[Image-caption web data]
*** Block opens ***

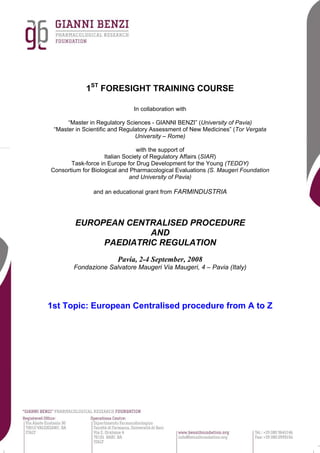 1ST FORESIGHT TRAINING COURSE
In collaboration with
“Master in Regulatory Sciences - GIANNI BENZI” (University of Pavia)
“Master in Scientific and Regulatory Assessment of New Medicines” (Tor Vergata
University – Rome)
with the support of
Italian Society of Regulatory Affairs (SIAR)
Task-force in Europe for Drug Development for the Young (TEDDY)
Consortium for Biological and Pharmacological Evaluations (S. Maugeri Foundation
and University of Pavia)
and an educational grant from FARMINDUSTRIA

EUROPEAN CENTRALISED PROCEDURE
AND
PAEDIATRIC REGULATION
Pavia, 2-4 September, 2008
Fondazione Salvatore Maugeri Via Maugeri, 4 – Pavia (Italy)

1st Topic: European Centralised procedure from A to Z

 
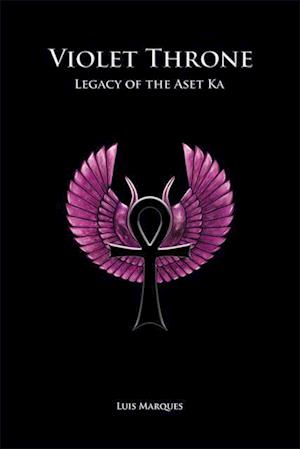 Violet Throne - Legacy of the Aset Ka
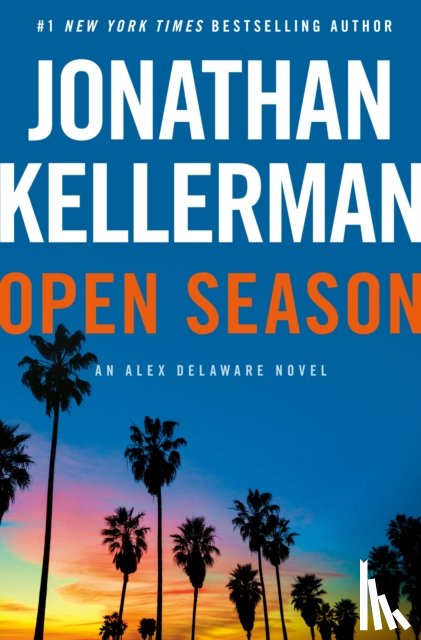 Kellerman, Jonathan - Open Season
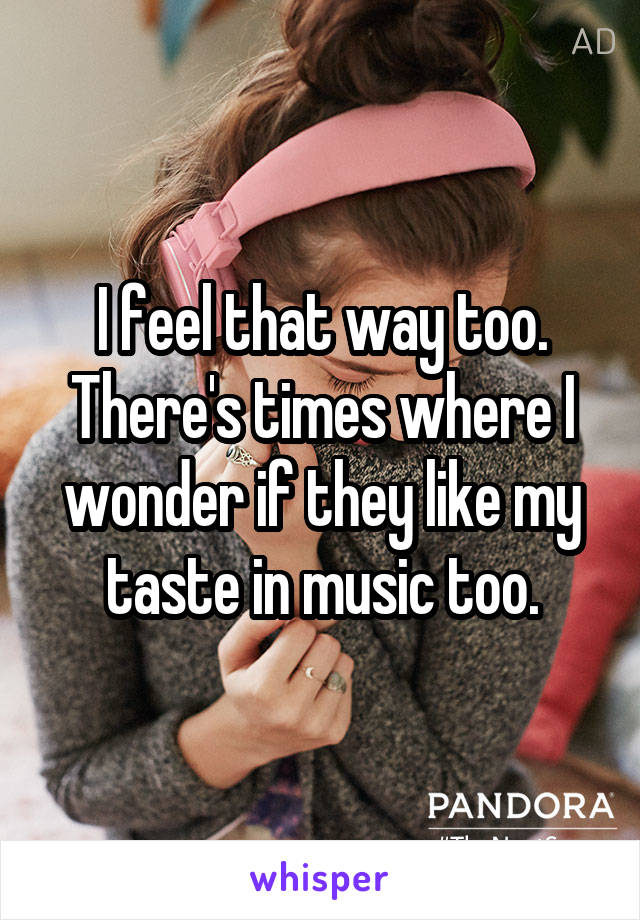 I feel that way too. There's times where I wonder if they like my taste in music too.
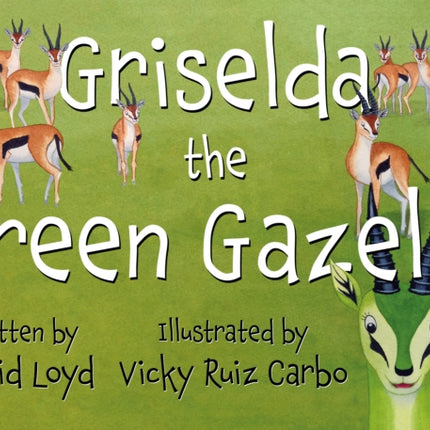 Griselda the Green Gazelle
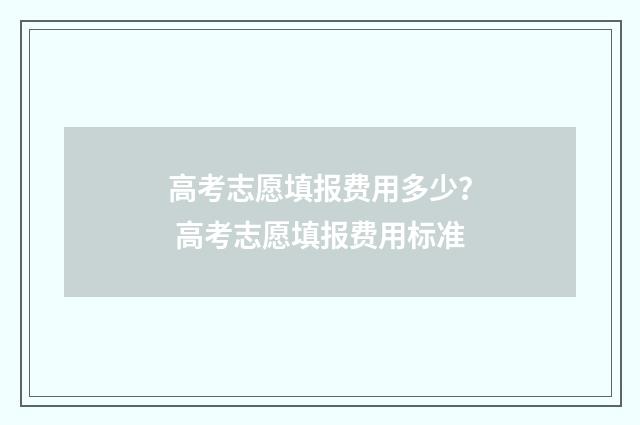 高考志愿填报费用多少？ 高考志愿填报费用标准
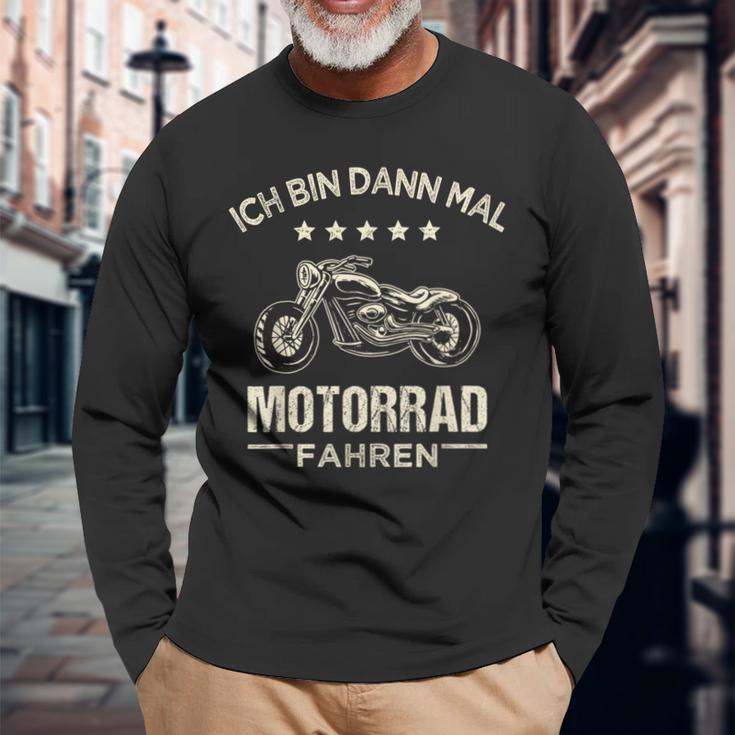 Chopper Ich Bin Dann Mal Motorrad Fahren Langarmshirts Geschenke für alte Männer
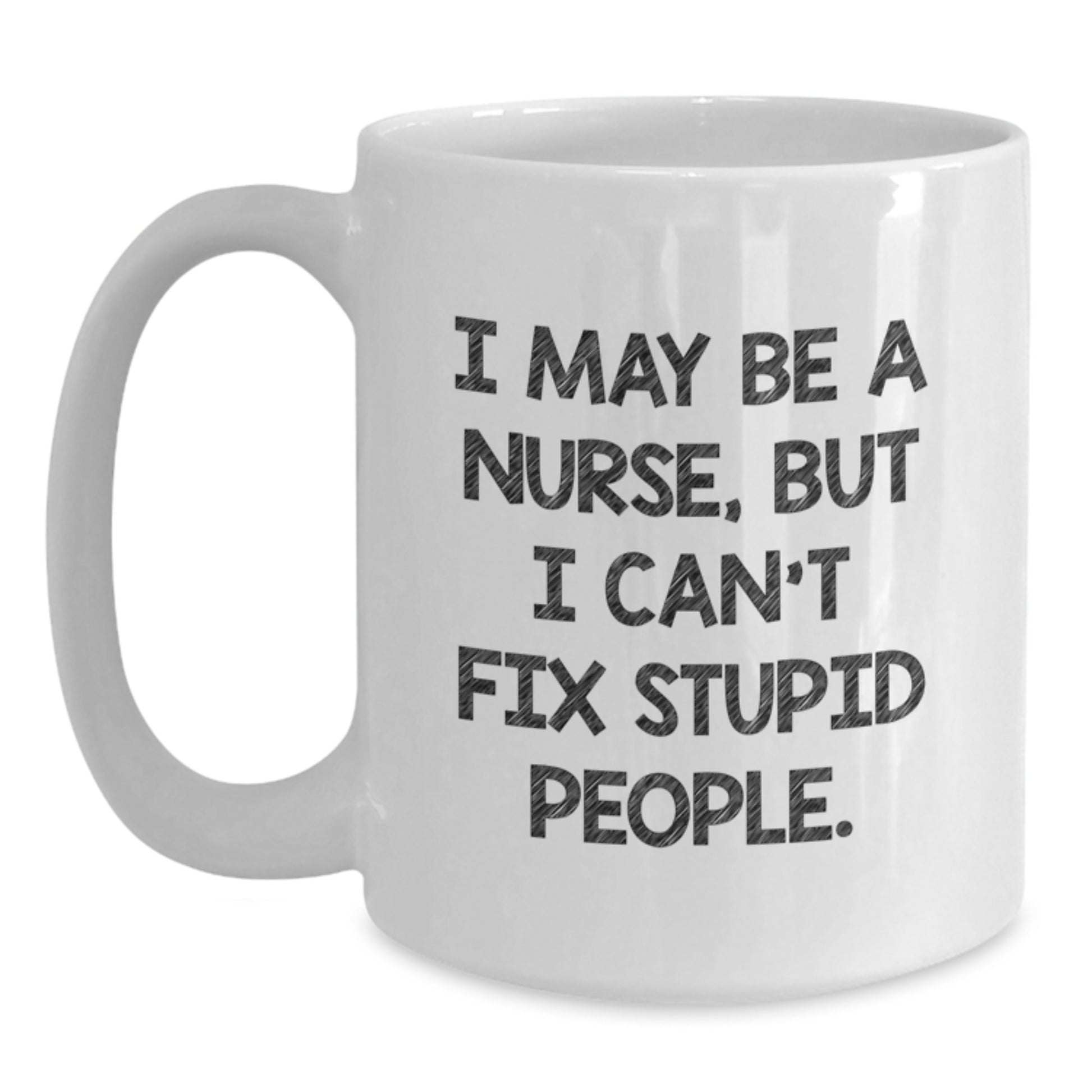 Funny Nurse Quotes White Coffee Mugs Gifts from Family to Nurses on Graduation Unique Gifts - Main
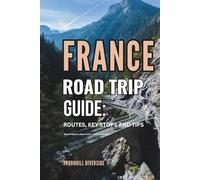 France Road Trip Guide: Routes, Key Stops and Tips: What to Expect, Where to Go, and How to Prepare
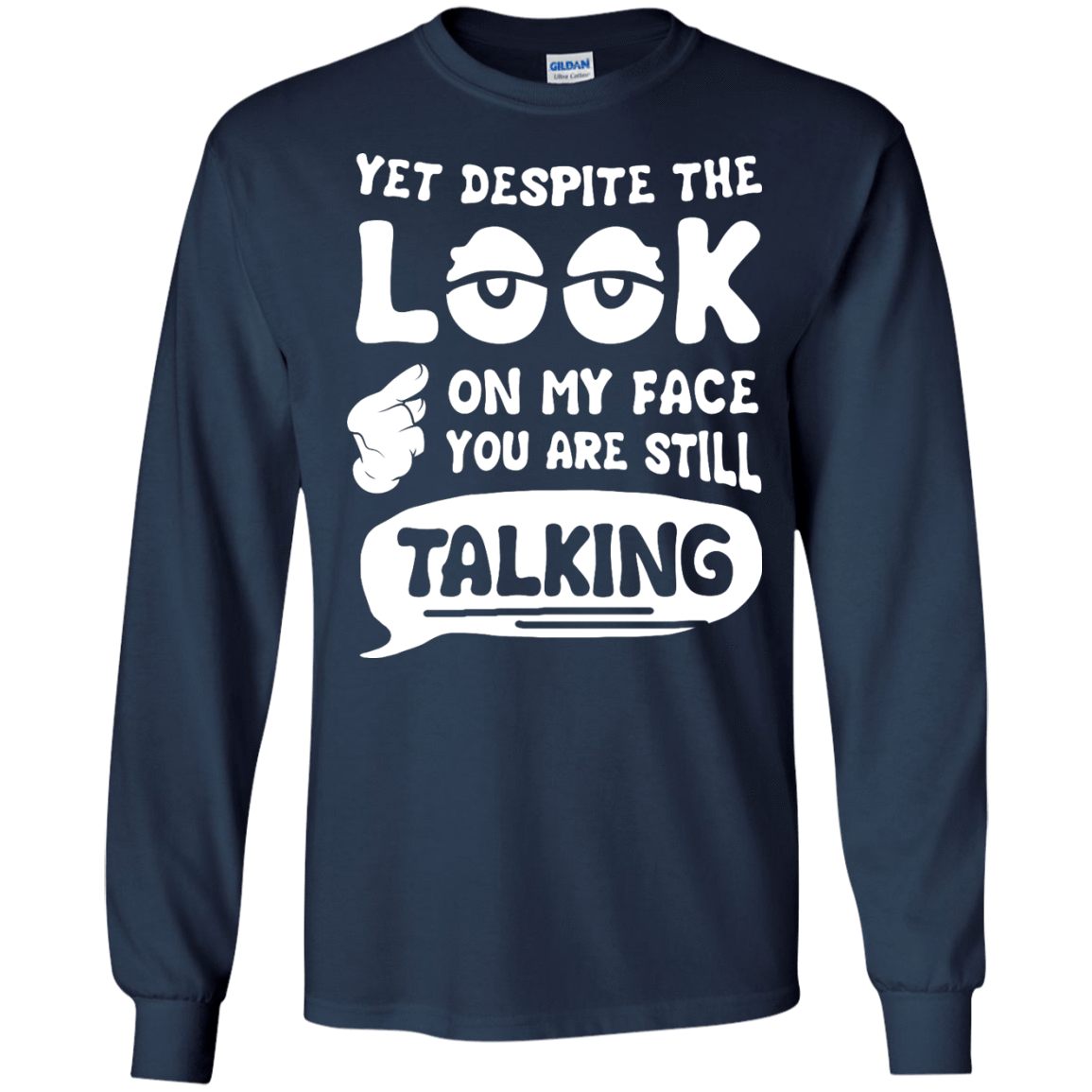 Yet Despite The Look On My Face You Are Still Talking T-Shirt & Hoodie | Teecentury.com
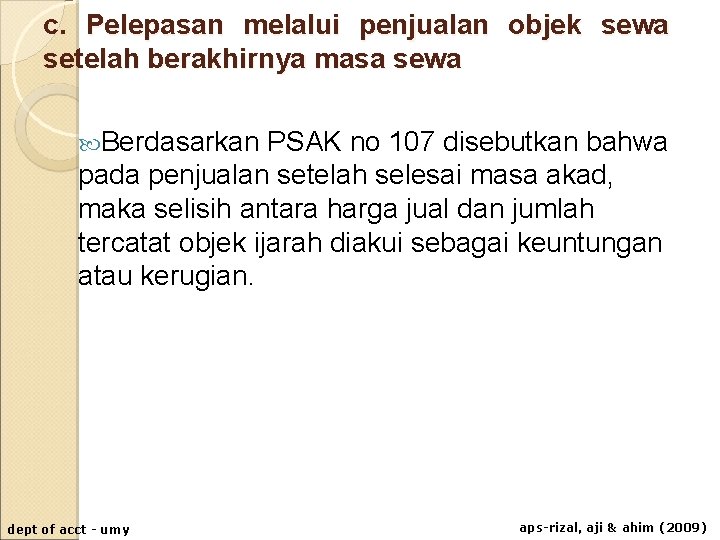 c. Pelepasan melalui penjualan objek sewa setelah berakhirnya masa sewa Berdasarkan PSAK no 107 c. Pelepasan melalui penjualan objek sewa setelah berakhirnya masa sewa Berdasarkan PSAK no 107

*** Block closes ***

#### Directions:
State how many lines in the entries above hold the word "Master", with no further text.

#### Answer section:
2